Dataset entries:

§

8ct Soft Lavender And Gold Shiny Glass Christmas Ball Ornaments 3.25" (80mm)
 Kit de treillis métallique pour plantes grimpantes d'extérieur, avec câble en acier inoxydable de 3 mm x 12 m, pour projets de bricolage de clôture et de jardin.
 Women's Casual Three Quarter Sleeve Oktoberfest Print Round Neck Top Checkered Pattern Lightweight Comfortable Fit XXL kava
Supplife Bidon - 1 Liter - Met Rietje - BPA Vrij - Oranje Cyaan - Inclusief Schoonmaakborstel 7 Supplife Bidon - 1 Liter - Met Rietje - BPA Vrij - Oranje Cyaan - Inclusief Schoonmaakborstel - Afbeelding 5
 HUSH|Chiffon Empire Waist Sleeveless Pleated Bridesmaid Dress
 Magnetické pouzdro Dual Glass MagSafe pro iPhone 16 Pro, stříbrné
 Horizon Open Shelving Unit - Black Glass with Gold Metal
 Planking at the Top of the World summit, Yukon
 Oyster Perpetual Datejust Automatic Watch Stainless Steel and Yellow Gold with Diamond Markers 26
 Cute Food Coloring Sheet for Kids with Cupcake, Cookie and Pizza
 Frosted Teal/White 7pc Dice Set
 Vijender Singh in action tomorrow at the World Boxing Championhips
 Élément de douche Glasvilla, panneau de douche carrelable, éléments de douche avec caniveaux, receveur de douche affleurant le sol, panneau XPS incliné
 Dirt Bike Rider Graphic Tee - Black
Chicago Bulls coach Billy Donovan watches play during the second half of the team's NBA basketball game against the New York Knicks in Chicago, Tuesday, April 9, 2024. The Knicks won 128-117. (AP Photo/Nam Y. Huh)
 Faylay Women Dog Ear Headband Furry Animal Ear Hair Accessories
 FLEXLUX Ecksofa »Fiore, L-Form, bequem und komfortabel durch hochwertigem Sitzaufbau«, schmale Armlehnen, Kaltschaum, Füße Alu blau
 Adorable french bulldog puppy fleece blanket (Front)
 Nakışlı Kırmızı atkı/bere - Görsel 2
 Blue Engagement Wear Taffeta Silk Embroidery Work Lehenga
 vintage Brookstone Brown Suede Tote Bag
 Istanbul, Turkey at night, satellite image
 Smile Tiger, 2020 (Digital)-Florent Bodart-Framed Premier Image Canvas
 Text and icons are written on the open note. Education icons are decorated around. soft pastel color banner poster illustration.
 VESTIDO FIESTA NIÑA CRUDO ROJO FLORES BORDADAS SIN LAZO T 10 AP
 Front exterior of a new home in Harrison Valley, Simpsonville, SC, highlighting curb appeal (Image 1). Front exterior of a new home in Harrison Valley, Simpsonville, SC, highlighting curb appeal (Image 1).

§

Required action: Only a number belongs in the answer: state how many lines of the entries above hold "Black".

Task answer: 2